La peculiarità della situazione è che essa non era simmetrica: senza poter staccare Del Toro, a nulla valeva a Carapaz riprendere Yates. Per lui, già vincitore di un Giro, e già secondo nel 2022, poco o nulla cambia il gradino del podio. E, sic stantibus rebus, Carapaz ha potuto e dovuto fare del tutto e di più pur di staccare Del Toro, ma non è stato possibile. Dunque amarezza tanta, ma rimpianti pochi. La possibilità per Carapaz di vincere sarebbe cominciata laddove Del Toro stesso avesse voluto, prima di tutto, vincere. Si badi bene, non una certezza di vincere, perché altrimenti Del Toro avrebbe avuto ben ragione di non imbandire la vittoria a Carapaz, e dunque di imbandirla a chi altri avesse lui voluto.
Ma esisteva eccome una terra di nessuno, una striscia nebbiosa e polverosa e tortuosa come gli ultimi km del Finestre, entro la quale Carapaz, e Del Toro, e pure Yates, certo (in terz’ordine!), si sarebbero potuti giocare la definitiva maglia rosa su un equilibrio di secondi, misurando le rispettive forze e i rispettivi sforzi. In questo modo invece Del Toro ha ottenuto ciò che si era prefisso, non perdere da Carapaz. Sicuramente penserà, e ne ha ben donde, che non sarà questa la sua ultima occasione. Ma proprio le storie personali di Bernal, e di Carapaz, e dell’America Latina tutta, insegnano che non si sa mai per davvero se la prima occasione sarà anche l’ultima (in realtà per Bernal parliamo del Tour, e per Carapaz speriamo che l’ultima non sia ancora giunta, ma il riferimento è ai Giri sfuggiti di un niente).
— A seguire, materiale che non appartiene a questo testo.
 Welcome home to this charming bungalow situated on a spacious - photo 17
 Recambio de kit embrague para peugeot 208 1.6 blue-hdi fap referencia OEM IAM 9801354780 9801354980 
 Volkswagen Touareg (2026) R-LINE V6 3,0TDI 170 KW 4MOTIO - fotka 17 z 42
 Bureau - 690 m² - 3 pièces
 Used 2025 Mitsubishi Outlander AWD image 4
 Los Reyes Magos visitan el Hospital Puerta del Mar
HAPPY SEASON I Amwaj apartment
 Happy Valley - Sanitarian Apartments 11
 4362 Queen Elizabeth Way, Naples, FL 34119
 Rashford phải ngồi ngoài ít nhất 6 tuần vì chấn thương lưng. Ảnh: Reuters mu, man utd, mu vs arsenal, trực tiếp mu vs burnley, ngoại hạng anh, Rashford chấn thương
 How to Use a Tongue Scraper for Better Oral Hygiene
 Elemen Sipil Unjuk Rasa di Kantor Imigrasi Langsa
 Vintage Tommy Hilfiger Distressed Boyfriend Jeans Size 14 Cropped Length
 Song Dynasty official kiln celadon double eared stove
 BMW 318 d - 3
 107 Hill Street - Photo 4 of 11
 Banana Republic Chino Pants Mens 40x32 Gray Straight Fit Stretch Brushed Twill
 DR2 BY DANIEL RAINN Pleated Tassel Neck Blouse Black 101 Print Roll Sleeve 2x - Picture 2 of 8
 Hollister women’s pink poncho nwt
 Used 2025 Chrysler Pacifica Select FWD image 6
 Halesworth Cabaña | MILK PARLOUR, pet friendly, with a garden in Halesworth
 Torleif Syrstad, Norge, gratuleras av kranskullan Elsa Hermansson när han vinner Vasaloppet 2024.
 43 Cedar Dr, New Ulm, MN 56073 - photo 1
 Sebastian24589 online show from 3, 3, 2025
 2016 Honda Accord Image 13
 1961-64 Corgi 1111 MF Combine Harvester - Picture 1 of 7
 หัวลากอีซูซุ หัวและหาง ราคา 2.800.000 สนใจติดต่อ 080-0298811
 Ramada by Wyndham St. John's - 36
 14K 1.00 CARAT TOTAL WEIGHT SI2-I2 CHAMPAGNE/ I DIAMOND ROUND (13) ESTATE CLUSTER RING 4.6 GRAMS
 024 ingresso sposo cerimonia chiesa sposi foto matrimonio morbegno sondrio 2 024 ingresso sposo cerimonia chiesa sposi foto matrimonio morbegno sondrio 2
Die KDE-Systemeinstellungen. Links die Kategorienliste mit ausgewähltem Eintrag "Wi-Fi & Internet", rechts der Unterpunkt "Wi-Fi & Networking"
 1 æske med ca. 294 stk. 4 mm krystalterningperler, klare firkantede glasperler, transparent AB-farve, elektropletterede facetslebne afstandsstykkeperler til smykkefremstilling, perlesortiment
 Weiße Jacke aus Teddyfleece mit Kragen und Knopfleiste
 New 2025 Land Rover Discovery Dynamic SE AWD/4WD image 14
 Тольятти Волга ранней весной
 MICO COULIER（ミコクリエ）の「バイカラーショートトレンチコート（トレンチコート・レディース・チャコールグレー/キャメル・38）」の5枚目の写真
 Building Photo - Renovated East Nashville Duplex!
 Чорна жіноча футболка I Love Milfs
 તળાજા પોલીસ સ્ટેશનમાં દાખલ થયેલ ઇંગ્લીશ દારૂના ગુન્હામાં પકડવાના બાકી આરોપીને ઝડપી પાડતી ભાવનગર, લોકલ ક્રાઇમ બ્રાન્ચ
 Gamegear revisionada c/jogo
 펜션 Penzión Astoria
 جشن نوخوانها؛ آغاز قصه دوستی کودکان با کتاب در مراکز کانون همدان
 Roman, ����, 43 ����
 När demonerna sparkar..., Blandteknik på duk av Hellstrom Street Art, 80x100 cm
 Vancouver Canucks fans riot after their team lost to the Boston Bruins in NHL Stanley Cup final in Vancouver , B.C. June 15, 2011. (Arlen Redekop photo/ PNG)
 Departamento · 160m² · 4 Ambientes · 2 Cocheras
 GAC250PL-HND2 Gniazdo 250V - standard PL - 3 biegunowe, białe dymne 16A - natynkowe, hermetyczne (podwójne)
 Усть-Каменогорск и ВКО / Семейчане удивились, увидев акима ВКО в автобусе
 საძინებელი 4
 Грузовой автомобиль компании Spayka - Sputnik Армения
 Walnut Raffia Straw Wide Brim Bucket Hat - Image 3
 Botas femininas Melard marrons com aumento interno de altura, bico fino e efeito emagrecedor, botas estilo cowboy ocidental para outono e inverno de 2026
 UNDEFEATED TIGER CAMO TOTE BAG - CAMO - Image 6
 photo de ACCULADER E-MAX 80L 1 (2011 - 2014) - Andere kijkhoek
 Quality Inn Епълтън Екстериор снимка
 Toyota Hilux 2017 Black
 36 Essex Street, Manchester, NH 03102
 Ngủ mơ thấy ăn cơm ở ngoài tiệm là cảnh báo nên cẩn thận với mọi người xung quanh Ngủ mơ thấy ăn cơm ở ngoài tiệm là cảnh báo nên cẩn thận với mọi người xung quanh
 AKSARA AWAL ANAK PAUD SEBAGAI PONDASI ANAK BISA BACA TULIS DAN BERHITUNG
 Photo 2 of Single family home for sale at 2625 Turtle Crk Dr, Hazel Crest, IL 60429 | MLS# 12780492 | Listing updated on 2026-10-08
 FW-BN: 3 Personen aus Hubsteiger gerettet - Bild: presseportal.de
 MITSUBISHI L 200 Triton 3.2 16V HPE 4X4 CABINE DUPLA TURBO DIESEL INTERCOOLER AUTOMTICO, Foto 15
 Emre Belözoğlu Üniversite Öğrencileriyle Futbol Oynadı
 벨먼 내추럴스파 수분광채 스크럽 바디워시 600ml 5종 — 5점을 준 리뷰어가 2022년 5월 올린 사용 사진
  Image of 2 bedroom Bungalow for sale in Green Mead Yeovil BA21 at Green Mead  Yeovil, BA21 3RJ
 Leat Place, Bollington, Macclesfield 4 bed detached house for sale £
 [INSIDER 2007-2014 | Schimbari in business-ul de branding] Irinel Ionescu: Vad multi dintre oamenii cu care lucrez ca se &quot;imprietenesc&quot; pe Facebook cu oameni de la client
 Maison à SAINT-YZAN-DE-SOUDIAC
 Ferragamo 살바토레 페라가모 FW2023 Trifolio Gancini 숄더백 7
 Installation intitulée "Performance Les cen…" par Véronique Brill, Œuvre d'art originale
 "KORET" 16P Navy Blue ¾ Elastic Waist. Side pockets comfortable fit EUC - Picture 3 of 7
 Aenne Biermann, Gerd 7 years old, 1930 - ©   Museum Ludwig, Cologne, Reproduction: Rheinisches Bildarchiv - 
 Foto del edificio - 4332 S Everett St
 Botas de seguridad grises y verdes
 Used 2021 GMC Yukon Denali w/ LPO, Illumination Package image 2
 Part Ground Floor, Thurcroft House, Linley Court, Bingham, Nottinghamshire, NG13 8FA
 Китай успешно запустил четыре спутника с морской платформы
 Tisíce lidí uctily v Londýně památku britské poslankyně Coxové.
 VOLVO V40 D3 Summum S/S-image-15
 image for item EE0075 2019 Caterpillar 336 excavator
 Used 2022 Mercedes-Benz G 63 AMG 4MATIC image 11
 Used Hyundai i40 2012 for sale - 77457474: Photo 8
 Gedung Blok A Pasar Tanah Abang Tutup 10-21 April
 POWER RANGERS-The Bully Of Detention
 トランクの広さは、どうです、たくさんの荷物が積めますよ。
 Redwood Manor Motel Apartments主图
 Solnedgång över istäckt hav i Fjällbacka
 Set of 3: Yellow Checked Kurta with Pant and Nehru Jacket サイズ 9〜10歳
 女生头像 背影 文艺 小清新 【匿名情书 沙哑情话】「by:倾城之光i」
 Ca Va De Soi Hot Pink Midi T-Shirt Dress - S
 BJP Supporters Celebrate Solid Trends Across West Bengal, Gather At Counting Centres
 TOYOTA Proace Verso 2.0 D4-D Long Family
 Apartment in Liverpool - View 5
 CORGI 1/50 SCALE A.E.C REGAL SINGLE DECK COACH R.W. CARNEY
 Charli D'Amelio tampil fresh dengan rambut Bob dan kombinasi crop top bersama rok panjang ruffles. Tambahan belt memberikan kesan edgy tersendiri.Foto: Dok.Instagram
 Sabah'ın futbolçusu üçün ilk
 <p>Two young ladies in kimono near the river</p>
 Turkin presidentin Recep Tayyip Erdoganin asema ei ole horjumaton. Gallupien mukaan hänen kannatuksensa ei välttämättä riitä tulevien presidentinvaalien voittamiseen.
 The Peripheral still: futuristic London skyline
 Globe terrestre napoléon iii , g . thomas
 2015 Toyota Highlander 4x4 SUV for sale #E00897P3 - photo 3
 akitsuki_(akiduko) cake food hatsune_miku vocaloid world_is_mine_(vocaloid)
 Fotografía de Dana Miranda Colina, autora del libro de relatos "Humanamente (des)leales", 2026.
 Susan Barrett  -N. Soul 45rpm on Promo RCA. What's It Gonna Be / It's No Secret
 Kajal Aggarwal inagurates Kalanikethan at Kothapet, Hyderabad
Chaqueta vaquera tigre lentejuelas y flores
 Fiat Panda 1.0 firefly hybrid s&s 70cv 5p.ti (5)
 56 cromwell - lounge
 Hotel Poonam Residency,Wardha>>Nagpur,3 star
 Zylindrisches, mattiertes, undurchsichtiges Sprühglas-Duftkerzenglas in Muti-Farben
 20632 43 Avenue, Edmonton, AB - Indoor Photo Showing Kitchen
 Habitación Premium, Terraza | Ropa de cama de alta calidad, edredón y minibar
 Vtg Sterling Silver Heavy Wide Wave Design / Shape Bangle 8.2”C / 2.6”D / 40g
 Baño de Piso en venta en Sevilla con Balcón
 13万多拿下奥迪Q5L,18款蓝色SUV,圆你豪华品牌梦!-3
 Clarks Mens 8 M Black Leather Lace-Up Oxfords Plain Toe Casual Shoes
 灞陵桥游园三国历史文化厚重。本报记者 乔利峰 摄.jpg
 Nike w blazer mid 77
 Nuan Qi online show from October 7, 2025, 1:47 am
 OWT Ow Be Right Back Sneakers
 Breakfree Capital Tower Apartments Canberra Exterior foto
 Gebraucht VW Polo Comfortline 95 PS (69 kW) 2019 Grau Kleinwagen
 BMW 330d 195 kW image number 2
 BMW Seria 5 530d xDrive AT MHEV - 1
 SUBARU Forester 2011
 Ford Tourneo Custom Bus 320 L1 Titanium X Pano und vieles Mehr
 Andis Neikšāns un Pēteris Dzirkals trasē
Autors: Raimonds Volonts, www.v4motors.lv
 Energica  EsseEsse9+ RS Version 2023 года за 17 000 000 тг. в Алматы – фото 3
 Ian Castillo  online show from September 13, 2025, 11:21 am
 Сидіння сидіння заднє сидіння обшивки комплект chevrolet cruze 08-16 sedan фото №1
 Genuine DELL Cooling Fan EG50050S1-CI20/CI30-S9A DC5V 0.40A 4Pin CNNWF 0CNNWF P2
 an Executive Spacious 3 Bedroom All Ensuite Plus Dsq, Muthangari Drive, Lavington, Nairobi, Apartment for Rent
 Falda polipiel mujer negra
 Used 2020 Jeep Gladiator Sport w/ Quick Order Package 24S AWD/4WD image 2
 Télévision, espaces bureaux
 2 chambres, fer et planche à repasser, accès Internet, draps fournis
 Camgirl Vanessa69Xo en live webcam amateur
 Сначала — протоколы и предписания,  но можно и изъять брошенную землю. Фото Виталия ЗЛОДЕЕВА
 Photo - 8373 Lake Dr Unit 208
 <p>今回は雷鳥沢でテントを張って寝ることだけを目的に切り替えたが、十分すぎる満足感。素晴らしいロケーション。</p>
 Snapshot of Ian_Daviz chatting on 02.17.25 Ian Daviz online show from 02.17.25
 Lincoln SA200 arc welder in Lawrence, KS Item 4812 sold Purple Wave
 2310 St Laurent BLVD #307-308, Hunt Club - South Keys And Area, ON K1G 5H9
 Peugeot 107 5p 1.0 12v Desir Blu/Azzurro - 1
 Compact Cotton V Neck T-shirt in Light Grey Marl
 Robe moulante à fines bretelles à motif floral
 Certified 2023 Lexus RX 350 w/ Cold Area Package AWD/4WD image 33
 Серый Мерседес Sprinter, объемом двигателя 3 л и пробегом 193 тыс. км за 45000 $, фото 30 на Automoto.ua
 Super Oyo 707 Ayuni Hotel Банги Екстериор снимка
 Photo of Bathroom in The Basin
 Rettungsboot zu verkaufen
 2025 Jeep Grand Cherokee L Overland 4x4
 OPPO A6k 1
Bernal e Carapaz hanno còlto la propria occasione maiuscola quando è toccato loro, ormai nel 2019, per entrambi, poi per il resto della carriera hanno dimostrato – e proprio non vincendo – di essersela meritata eccome. La domanda resta aperta per Del Toro, ma forse, come per quasi ogni 21enne (o 104enne) di questo mondo, la sua vera corrida in cui al contempo sopravvivere e lasciarsi sopraffare, toro e torero in uno, è ancora quella celebrata nell’arena interiore.